* Task to complete
Write out each record below, word for word.

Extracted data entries
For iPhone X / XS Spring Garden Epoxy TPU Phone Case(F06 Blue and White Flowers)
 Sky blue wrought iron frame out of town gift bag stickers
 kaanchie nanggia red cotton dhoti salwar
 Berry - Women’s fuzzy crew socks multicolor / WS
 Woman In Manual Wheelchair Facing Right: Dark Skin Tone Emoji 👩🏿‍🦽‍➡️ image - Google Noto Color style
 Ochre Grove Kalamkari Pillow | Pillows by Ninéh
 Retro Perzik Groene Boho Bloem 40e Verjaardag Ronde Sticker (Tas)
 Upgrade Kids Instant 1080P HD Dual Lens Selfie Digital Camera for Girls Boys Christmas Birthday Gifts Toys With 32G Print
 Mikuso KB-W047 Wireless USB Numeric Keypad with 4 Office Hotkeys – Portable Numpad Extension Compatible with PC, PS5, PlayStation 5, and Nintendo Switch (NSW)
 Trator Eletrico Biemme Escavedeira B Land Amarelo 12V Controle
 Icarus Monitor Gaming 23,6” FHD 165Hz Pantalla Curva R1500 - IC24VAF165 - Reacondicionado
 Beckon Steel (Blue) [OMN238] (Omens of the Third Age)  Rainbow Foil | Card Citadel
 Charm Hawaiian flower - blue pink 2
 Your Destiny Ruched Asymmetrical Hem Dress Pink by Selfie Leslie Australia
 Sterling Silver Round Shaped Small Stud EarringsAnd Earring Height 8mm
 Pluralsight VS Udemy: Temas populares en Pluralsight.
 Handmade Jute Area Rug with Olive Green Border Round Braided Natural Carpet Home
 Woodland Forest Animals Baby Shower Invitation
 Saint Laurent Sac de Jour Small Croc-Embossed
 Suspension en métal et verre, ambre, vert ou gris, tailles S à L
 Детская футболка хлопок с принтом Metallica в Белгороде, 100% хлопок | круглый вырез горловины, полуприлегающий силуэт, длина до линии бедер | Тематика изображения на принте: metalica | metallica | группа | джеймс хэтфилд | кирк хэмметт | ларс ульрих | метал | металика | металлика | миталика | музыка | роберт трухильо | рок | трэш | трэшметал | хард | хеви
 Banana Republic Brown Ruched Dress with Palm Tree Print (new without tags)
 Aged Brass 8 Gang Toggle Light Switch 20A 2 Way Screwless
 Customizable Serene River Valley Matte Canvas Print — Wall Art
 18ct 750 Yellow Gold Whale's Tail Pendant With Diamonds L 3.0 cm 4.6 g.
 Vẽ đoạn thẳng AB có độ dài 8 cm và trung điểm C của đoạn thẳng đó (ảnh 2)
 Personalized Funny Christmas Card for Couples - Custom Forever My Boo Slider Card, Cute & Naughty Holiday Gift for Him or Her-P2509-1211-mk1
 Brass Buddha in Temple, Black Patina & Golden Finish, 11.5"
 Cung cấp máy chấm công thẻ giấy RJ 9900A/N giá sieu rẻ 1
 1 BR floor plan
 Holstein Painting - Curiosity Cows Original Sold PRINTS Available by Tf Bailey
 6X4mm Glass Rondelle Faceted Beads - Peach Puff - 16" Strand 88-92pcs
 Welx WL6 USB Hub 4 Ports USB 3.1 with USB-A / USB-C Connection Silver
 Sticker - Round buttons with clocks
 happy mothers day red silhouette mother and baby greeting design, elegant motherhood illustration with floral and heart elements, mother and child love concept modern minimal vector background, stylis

* Solution
For iPhone X / XS Spring Garden Epoxy TPU Phone Case(F06 Blue and White Flowers)
 Sky blue wrought iron frame out of town gift bag stickers
 kaanchie nanggia red cotton dhoti salwar
 Berry - Women’s fuzzy crew socks multicolor / WS
 Woman In Manual Wheelchair Facing Right: Dark Skin Tone Emoji 👩🏿‍🦽‍➡️ image - Google Noto Color style
 Ochre Grove Kalamkari Pillow | Pillows by Ninéh
 Retro Perzik Groene Boho Bloem 40e Verjaardag Ronde Sticker (Tas)
 Upgrade Kids Instant 1080P HD Dual Lens Selfie Digital Camera for Girls Boys Christmas Birthday Gifts Toys With 32G Print
 Mikuso KB-W047 Wireless USB Numeric Keypad with 4 Office Hotkeys – Portable Numpad Extension Compatible with PC, PS5, PlayStation 5, and Nintendo Switch (NSW)
 Trator Eletrico Biemme Escavedeira B Land Amarelo 12V Controle
 Icarus Monitor Gaming 23,6” FHD 165Hz Pantalla Curva R1500 - IC24VAF165 - Reacondicionado
 Beckon Steel (Blue) [OMN238] (Omens of the Third Age)  Rainbow Foil | Card Citadel
 Charm Hawaiian flower - blue pink 2
 Your Destiny Ruched Asymmetrical Hem Dress Pink by Selfie Leslie Australia
 Sterling Silver Round Shaped Small Stud EarringsAnd Earring Height 8mm
 Pluralsight VS Udemy: Temas populares en Pluralsight.
 Handmade Jute Area Rug with Olive Green Border Round Braided Natural Carpet Home
 Woodland Forest Animals Baby Shower Invitation
 Saint Laurent Sac de Jour Small Croc-Embossed
 Suspension en métal et verre, ambre, vert ou gris, tailles S à L
 Детская футболка хлопок с принтом Metallica в Белгороде, 100% хлопок | круглый вырез горловины, полуприлегающий силуэт, длина до линии бедер | Тематика изображения на принте: metalica | metallica | группа | джеймс хэтфилд | кирк хэмметт | ларс ульрих | метал | металика | металлика | миталика | музыка | роберт трухильо | рок | трэш | трэшметал | хард | хеви
 Banana Republic Brown Ruched Dress with Palm Tree Print (new without tags)
 Aged Brass 8 Gang Toggle Light Switch 20A 2 Way Screwless
 Customizable Serene River Valley Matte Canvas Print — Wall Art
 18ct 750 Yellow Gold Whale's Tail Pendant With Diamonds L 3.0 cm 4.6 g.
 Vẽ đoạn thẳng AB có độ dài 8 cm và trung điểm C của đoạn thẳng đó (ảnh 2)
 Personalized Funny Christmas Card for Couples - Custom Forever My Boo Slider Card, Cute & Naughty Holiday Gift for Him or Her-P2509-1211-mk1
 Brass Buddha in Temple, Black Patina & Golden Finish, 11.5"
 Cung cấp máy chấm công thẻ giấy RJ 9900A/N giá sieu rẻ 1
 1 BR floor plan
 Holstein Painting - Curiosity Cows Original Sold PRINTS Available by Tf Bailey
 6X4mm Glass Rondelle Faceted Beads - Peach Puff - 16" Strand 88-92pcs
 Welx WL6 USB Hub 4 Ports USB 3.1 with USB-A / USB-C Connection Silver
 Sticker - Round buttons with clocks
 happy mothers day red silhouette mother and baby greeting design, elegant motherhood illustration with floral and heart elements, mother and child love concept modern minimal vector background, stylis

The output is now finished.